Information given:
==================================================

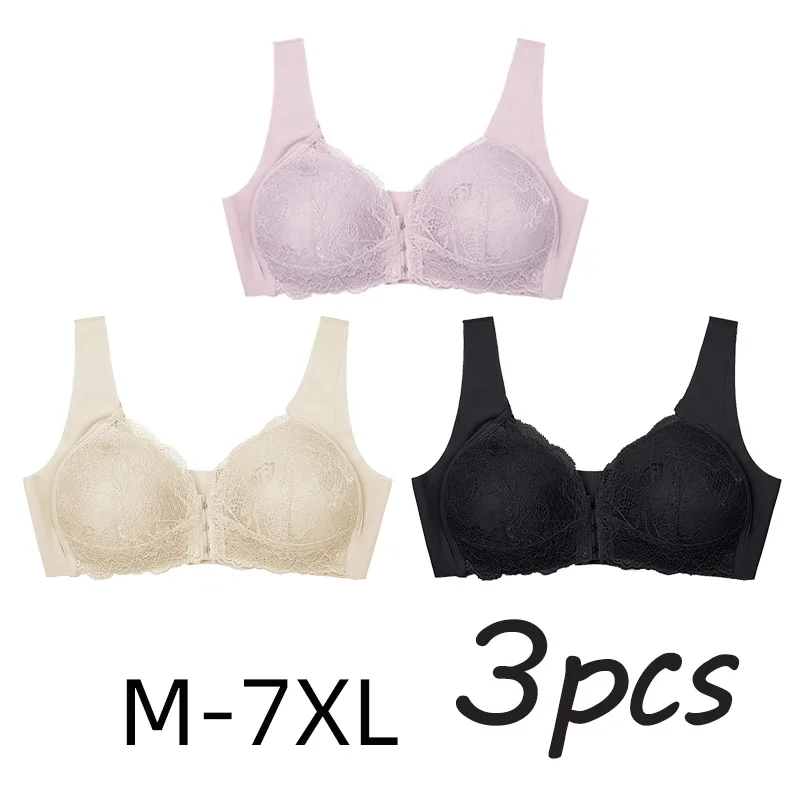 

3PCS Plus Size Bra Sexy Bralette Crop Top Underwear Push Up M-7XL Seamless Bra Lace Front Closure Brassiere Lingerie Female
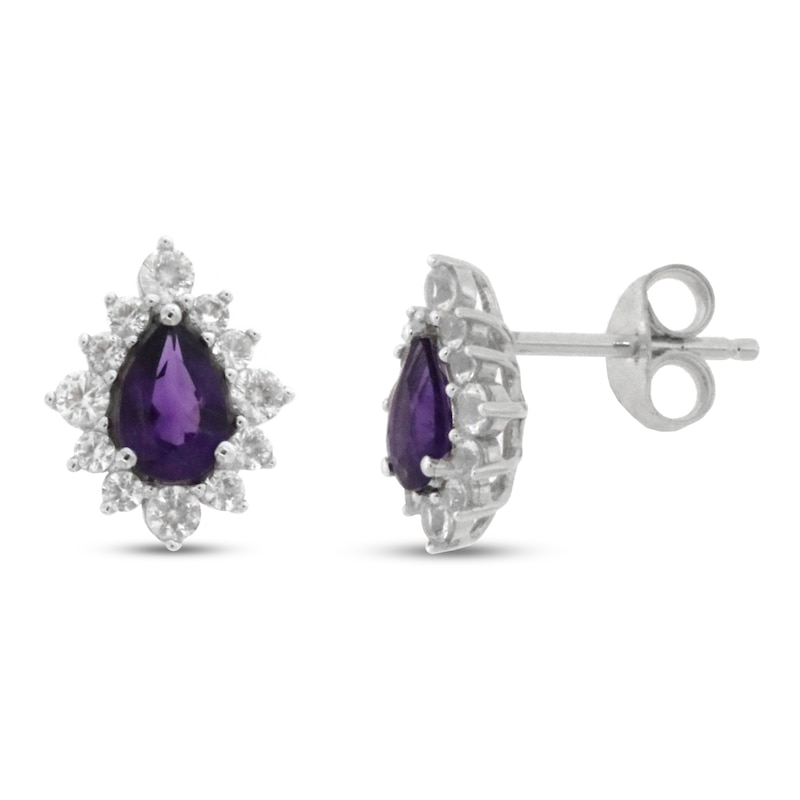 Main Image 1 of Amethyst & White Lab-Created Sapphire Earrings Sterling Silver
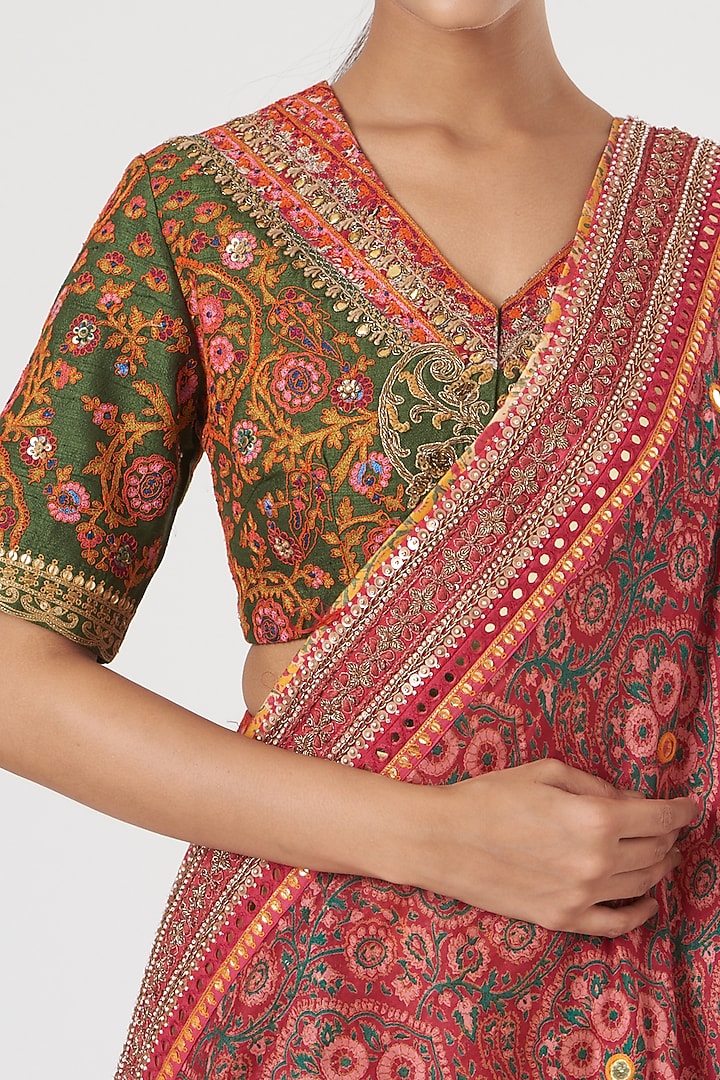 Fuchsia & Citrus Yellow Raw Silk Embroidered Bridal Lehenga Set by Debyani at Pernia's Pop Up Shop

==================================================

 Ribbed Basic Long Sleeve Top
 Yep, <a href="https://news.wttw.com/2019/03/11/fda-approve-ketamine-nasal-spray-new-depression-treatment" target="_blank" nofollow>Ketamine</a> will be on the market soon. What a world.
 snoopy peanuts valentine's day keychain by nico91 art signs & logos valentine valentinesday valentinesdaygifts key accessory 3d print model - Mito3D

==================================================

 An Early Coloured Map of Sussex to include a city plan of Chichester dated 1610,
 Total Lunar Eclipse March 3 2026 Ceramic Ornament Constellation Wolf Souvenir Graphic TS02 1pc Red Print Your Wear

==================================================

What is needed: Write out, from the lines above, only those from the line with "What a world." to the line with "snoopy peanuts valentine's", exactly as given, including the first and the last.

Result of the exercise:
 Yep, <a href="https://news.wttw.com/2019/03/11/fda-approve-ketamine-nasal-spray-new-depression-treatment" target="_blank" nofollow>Ketamine</a> will be on the market soon. What a world.
 snoopy peanuts valentine's day keychain by nico91 art signs & logos valentine valentinesday valentinesdaygifts key accessory 3d print model - Mito3D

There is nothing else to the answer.